SUPPLIED INFORMATION START

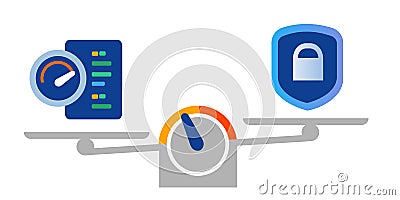 speed performance vs security privacy secure protection balancing with development code Vector Illustration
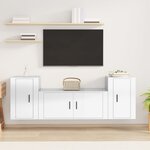 vidaXL Ensemble de meubles TV 3 Pièces Blanc brillant Bois d'ingénierie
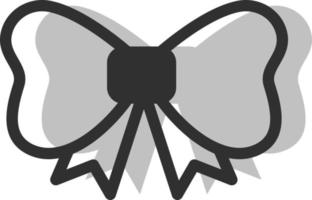 Grey bow, illustration, vector on white background.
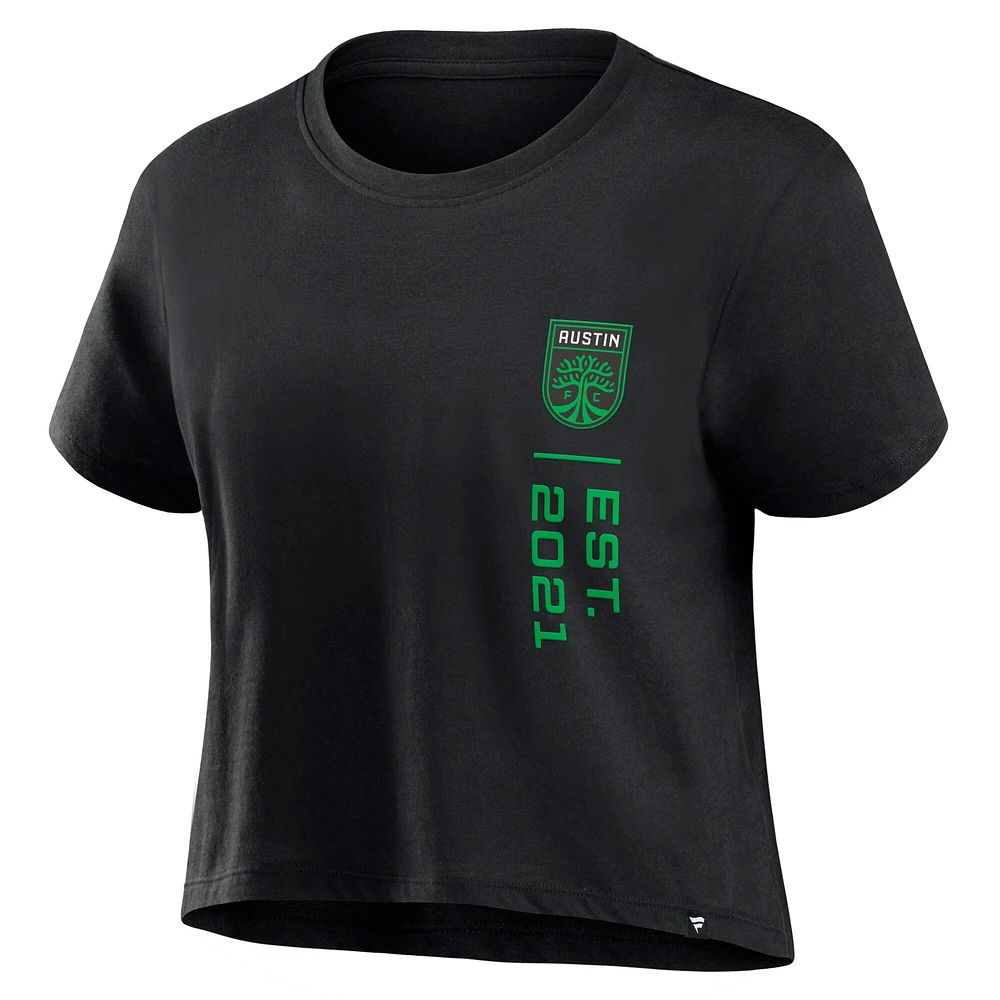 Women's Fanatics Black Austin FC Chip Pass Fashion Cropped T-Shirt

SUPPLIED INFORMATION END

YOUR OBJECTIVE
Only the lines from the one with "Grey bow, illustration, vector" through the end of the listing above should be output, exactly as written and with no pictures.

YOUR RESPONSE
 Grey bow, illustration, vector on white background.
 Women's Fanatics Black Austin FC Chip Pass Fashion Cropped T-Shirt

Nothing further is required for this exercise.